What you will do
A verbatim copy of the listing is what is needed, minus any pictures.

Top of Recorded data

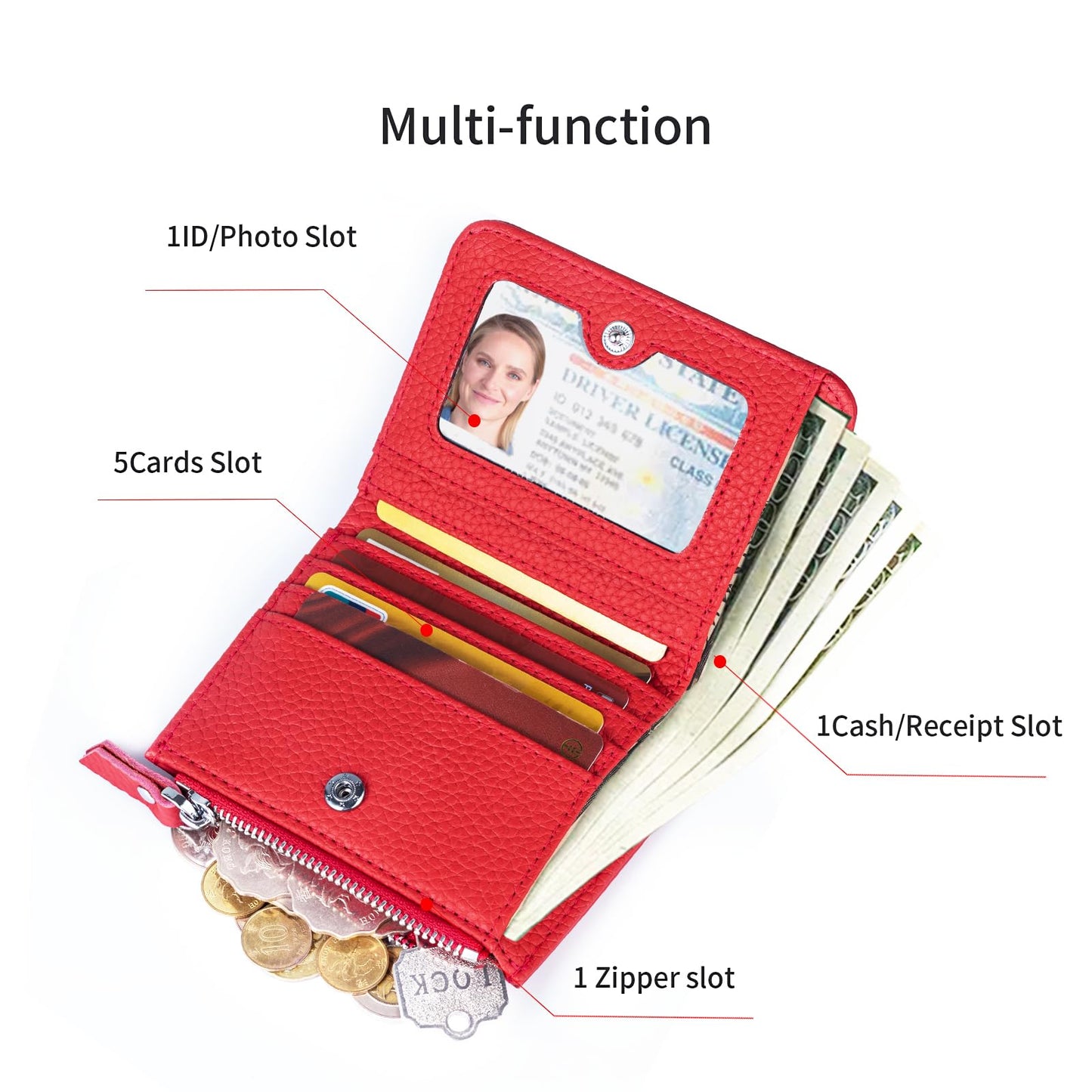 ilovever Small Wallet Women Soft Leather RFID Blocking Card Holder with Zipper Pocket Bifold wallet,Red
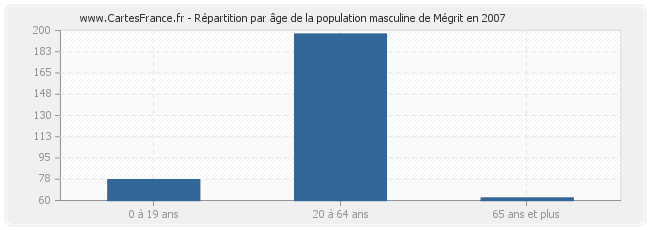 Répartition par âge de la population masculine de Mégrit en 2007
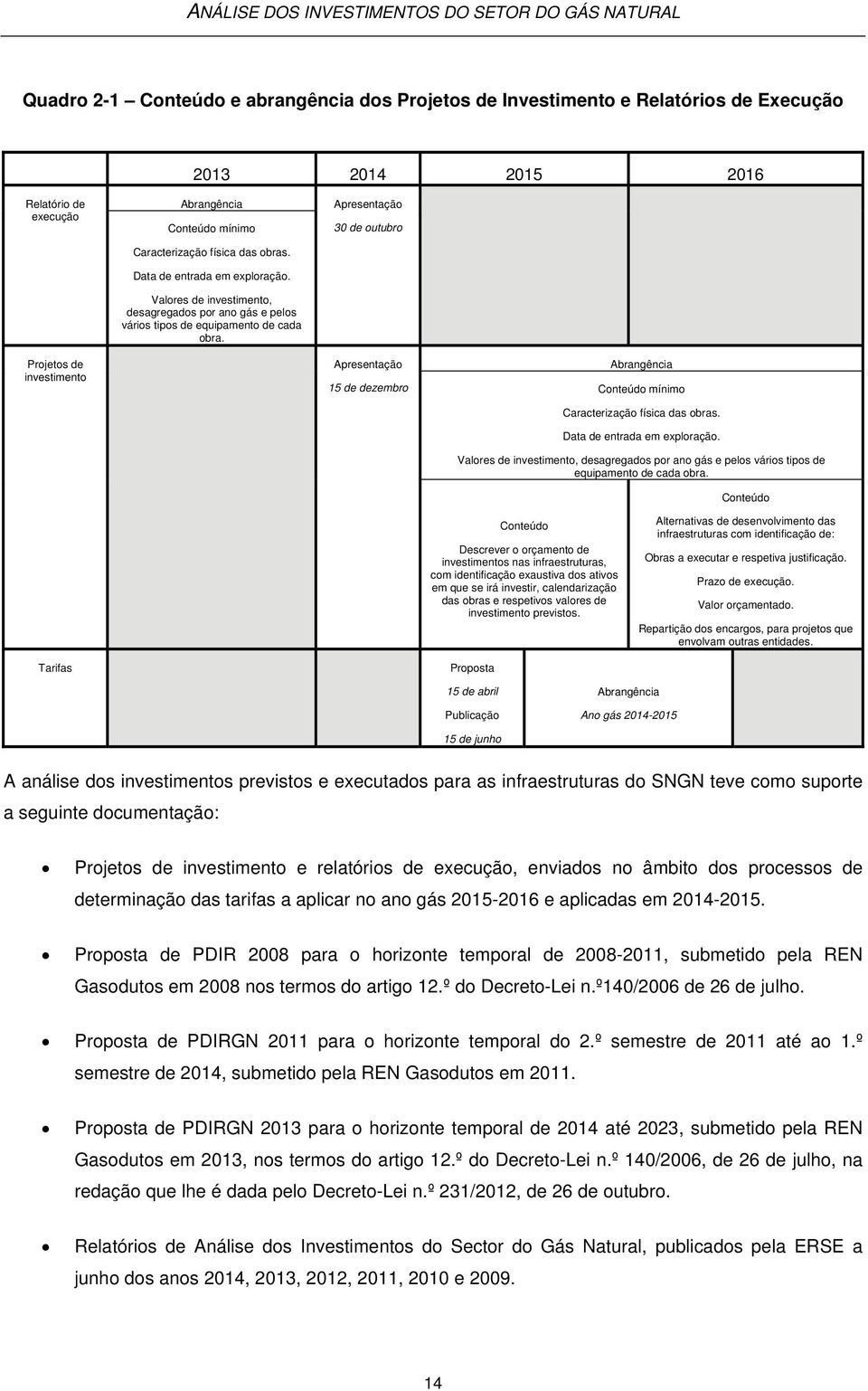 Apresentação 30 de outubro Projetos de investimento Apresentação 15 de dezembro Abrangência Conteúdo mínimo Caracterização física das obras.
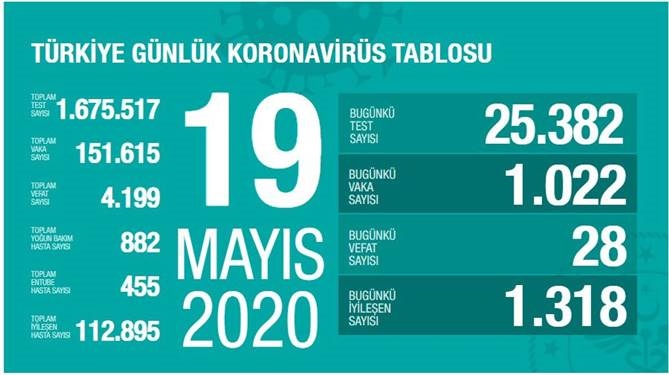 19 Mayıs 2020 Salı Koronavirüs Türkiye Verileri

Bottom of Recorded data

Exercise answer
 ilovever Small Wallet Women Soft Leather RFID Blocking Card Holder with Zipper Pocket Bifold wallet,Red
 Répartition par âge de la population masculine de Mégrit en 2007
 Apresentação 30 de outubro Projetos de investimento Apresentação 15 de dezembro Abrangência Conteúdo mínimo Caracterização física das obras.
 19 Mayıs 2020 Salı Koronavirüs Türkiye Verileri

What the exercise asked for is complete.